Endlich hat der VII. Zivilsenat des BGH, der unter anderem für das private Baurecht zuständig ist, die Streitfrage entschieden, ob das Kündigungsrecht des Auftraggebers, wie es in § 8 Abs. 2 VOB/B geregelt ist, im Lichte der Insolvenzordnung wirksam ist.
Diese Frage, deren Beantwortung für die Praxis von erheblicher Bedeutung ist, hat zu einer Vielzahl von teilweise sich widersprechenden gerichtlichen Entscheidungen, zu einer Vielzahl von Aufsätzen, Kommentaren geführt.
Der Bundesgerichtshof ist in seiner Entscheidung auf die zwei sich gegenüberstehenden Auffassungen eingegangen, hat sich mit den von ihm im Urteil im Einzelnen zitierten Fundstellen befasst.

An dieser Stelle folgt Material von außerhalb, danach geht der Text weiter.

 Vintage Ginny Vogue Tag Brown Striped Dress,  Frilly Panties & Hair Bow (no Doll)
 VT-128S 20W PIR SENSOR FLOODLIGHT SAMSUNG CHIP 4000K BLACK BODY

Er kommt in seinem Urteil zum Ergebnis, dass
- das Kündigungsrecht, wie es in § 8 Abs. 2 Nr. 1 Fall 2 i. V. m. § 8 Abs. 2 Nr. 2 VOB/B
(2009) geregelt ist - und auch in der VOB/B (2012) geregelt ist - nicht gemäß § 134 BGB
wegen eines Verstoßes gegen die §§ 103, 119 InsO unwirksam ist,
- auch einer Überprüfung anhand des § 307 Abs. 1, 2 BGB (unangemessene
Benachteiligung des Auftragnehmers) standhält.

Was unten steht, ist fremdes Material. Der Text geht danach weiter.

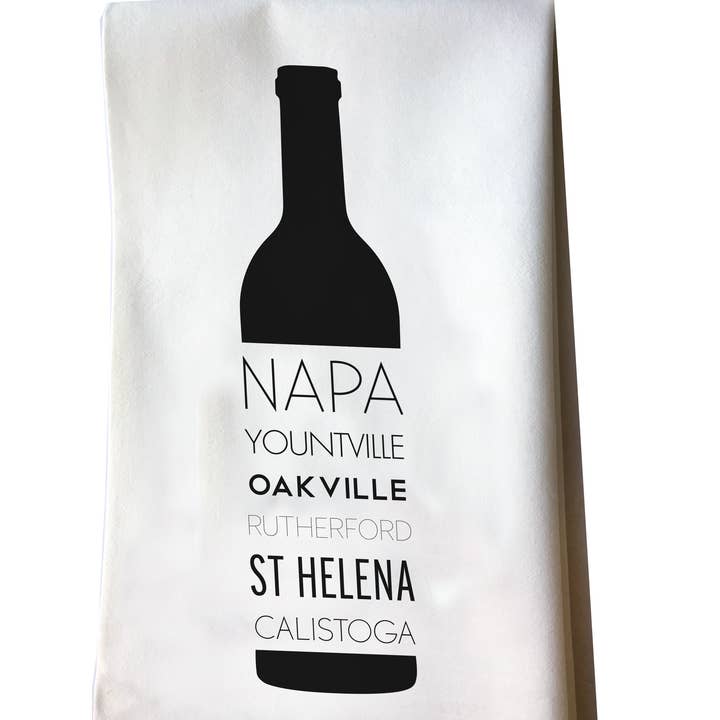 Torchon de coton Napa Valley Cities Wine Bottle pour la vente par noteify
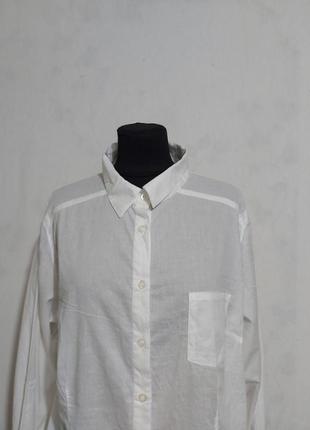 Базовая белоснежная  рубашка (индийский 100%-котон) blanche porte4 фото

Mit seiner Entscheidung hat der Bundesgerichtshof eine Streitfrage entschieden, die bei einer Vielzahl von Auftraggebern, deren Anwälten Ängste hervorgerufen hatte: Wenn deren Kündigung war gestützt auf § 8 Abs. 2 Nr. 1 VOB/B, unwirksam gewesen wäre, wäre die Kündigung, so der Kündigende nicht ausdrücklich im Kündigungsschreiben eine ordentliche Kündigung ausgeschlossen hätte, nach der Rechtsprechung in eine ordentliche Kündigung umgedeutet worden mit den über den Auftraggeber nachteiligen Folgen:
- Der insolvente Auftragnehmer, der Insolvenzverwalter hätte das Recht gehabt, wegen
der infolge der Kündigung nicht mehr erbrachten Leistungen einen Anspruch nach § 8
Abs. 1 VOB/B, Werklohn abzüglich ersparte Aufwendungen, geltend zu machen,
- dem Auftraggeber hätte kein Schadenersatz, gestützt auf § 8 Abs. 2 Nr. 2 VOB/B
zugestanden wegen der Mehrkosten, die ihm dadurch entstanden sind, dass er durch ein anderes Unternehmen die Arbeiten fertigstellen lassen musste.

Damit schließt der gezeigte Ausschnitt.